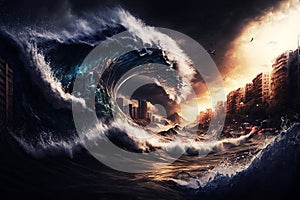 A tsunami covering the city with a giant wave. Generative AI illustration. Cinematic. Realistic.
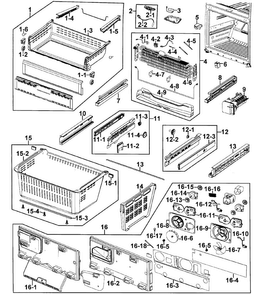 Freezer Diagram and Parts List for RFG237AARS XAA-0000 Samsung Refrigerator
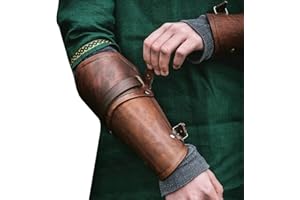 Syktkmx Gauntlet Wristband Medieval Vambrace Arm Cuff Armor Buckled Punk Gothic Faux Leather Costume Bracer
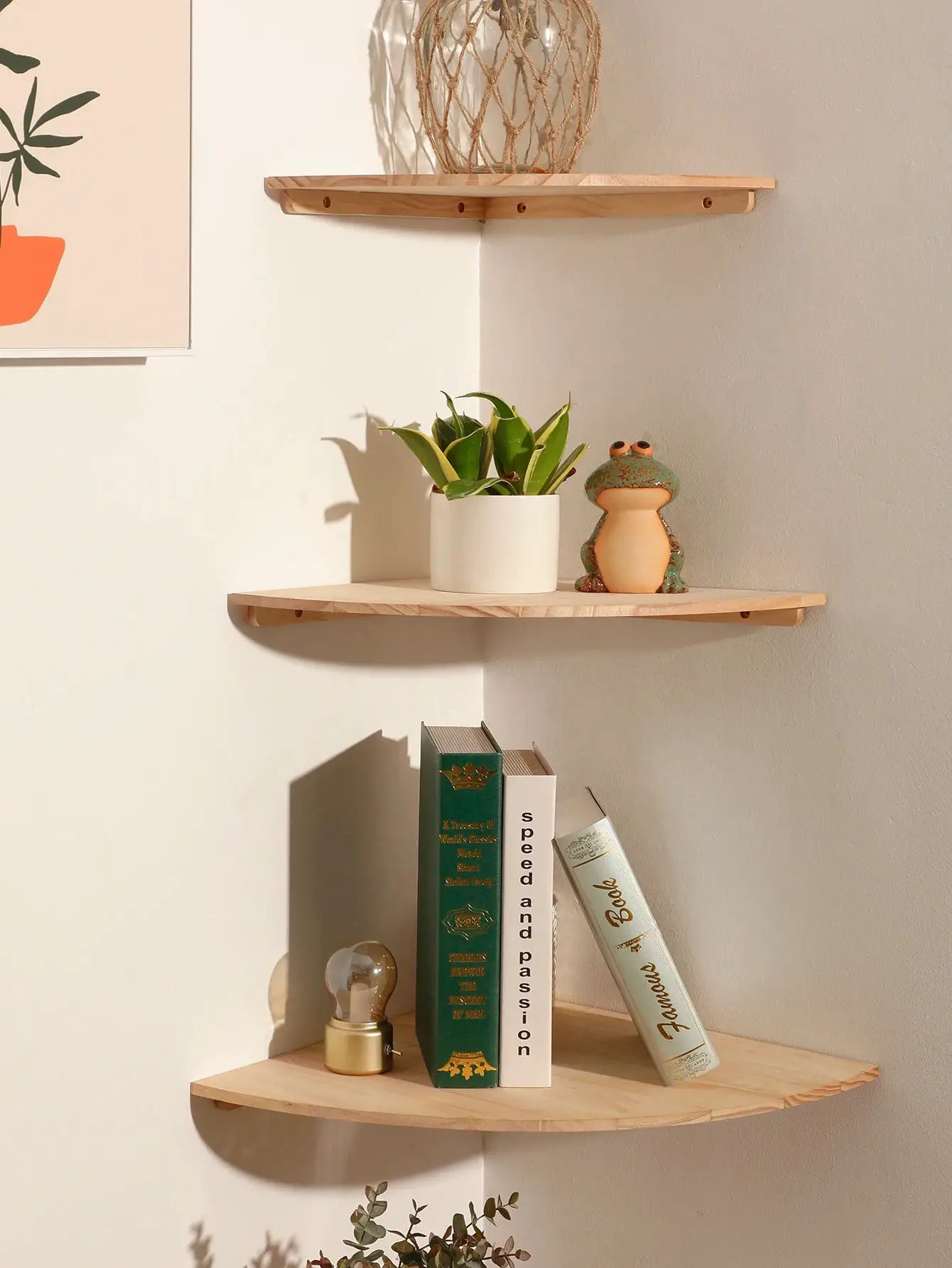 Pair of wall corner wood floating shelves with natural finish and rounded ends, wall-mounted
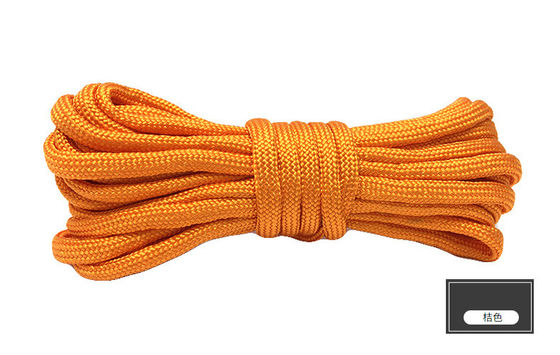 Corde de nylon orange colorée ISO9001 Corde en polyester à double tresse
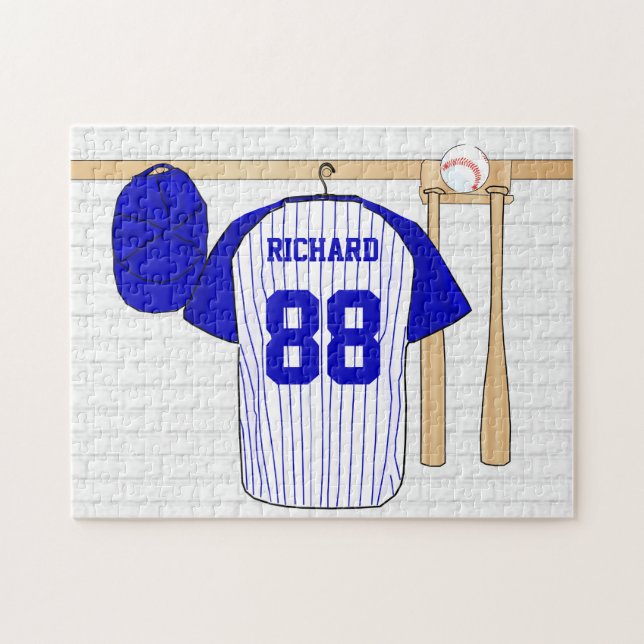 Puzzle Jersey de béisbol azul y blanco personalizado (Horizontal)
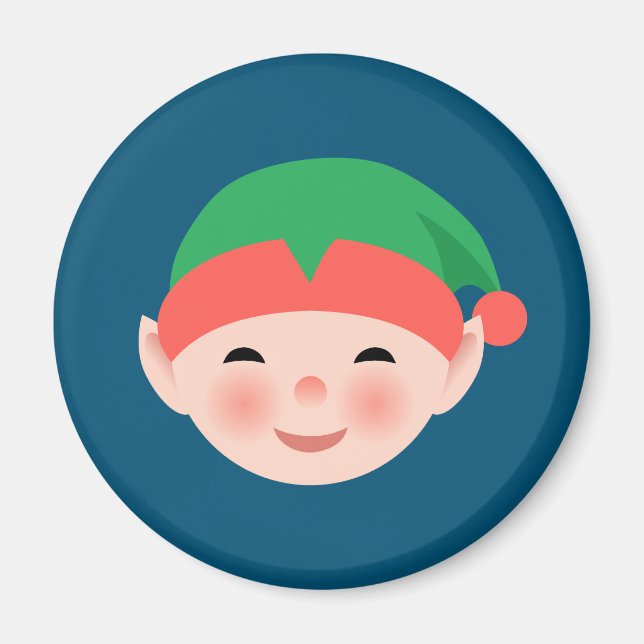 Weihnachts-Elf in Green Hat auf Blue Magnet (Vorne)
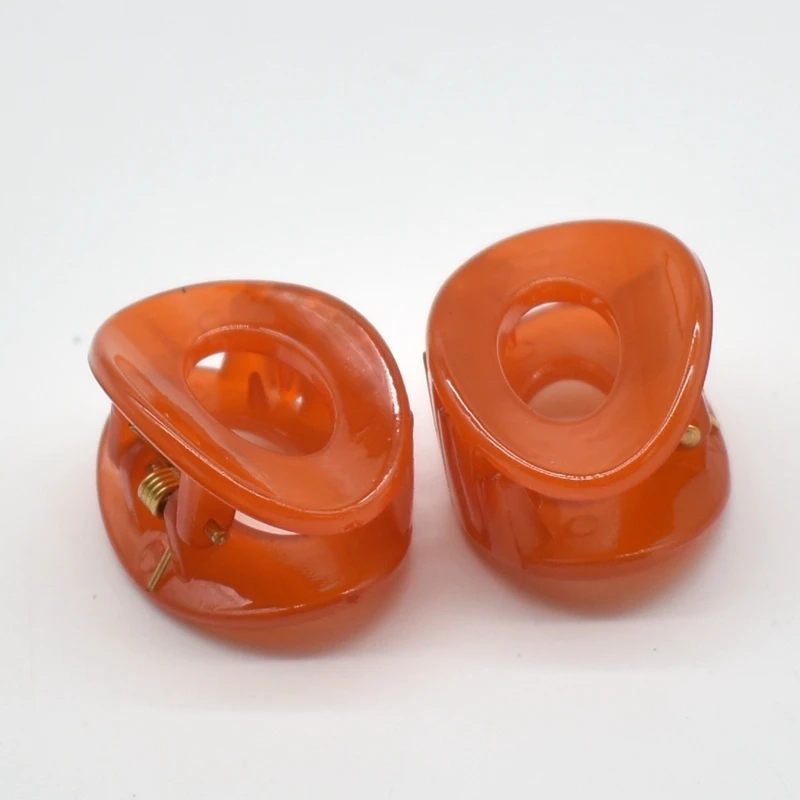 Винтажная заколка для волос 3 см 4 шт. Геометрическая с камнями черные коричневые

§

- **WHAT IS NEEDED**
No pictures should appear in the copy. Reproduce exactly the lines from the line containing "Pair of wall" through the last line of the data, inclusive.

- **ANSWER FOR THIS EXERCISE**
 Pair of wall corner wood floating shelves with natural finish and rounded ends, wall-mounted
 Corde de nylon orange colorée ISO9001 Corde en polyester à double tresse
 Puzzle Jersey de béisbol azul y blanco personalizado (Horizontal)
 Weihnachts-Elf in Green Hat auf Blue Magnet (Vorne)
 Винтажная заколка для волос 3 см 4 шт. Геометрическая с камнями черные коричневые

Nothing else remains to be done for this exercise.